*** Begin section ***
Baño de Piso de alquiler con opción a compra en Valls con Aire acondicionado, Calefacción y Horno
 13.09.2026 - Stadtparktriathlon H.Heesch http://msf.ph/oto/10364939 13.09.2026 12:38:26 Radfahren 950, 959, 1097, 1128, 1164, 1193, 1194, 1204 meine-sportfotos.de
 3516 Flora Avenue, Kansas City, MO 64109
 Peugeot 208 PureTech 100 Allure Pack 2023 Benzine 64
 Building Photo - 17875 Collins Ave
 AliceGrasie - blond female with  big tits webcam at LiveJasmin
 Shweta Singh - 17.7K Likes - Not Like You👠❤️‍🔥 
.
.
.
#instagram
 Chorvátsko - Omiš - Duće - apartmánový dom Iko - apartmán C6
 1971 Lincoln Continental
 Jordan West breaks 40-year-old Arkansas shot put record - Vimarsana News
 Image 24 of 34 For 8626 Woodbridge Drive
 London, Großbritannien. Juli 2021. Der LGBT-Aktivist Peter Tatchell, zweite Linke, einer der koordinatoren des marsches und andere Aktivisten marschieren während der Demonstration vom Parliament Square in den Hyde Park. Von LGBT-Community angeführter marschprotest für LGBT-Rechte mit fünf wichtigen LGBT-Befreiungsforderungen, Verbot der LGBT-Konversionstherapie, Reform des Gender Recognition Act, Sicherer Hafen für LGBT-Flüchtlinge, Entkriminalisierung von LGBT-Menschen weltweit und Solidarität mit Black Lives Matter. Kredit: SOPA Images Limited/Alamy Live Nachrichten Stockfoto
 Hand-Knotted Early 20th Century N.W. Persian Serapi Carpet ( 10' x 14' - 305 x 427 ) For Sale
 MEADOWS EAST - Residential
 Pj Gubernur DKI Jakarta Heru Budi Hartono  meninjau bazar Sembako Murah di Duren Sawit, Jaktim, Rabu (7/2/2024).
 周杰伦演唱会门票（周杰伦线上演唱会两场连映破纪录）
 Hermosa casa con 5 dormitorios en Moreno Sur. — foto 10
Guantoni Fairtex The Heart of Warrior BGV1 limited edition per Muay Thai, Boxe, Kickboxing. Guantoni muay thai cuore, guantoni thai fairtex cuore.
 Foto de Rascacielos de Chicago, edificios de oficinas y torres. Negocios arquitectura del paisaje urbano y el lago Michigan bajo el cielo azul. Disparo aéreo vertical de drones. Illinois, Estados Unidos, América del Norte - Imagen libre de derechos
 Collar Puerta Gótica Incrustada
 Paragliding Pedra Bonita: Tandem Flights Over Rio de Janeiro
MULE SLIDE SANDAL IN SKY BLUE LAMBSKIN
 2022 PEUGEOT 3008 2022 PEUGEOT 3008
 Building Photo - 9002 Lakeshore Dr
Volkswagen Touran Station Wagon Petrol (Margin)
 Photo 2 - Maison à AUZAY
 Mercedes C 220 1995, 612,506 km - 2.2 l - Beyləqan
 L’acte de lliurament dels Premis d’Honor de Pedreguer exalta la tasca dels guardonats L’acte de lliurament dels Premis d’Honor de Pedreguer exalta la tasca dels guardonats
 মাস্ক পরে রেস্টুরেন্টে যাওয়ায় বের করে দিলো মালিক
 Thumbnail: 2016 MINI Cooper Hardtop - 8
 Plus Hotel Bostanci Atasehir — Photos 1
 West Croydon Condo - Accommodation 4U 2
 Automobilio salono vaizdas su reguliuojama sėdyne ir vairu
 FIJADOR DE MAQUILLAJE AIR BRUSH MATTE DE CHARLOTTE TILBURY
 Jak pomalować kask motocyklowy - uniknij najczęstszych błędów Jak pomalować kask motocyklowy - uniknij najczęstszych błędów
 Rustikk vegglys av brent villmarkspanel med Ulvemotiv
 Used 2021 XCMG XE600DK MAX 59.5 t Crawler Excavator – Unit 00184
*** End section ***
§ **Aim of the exercise**
How many lines in the entries contain the string "West"? Answer with the number only.

§ **Result of this task**
2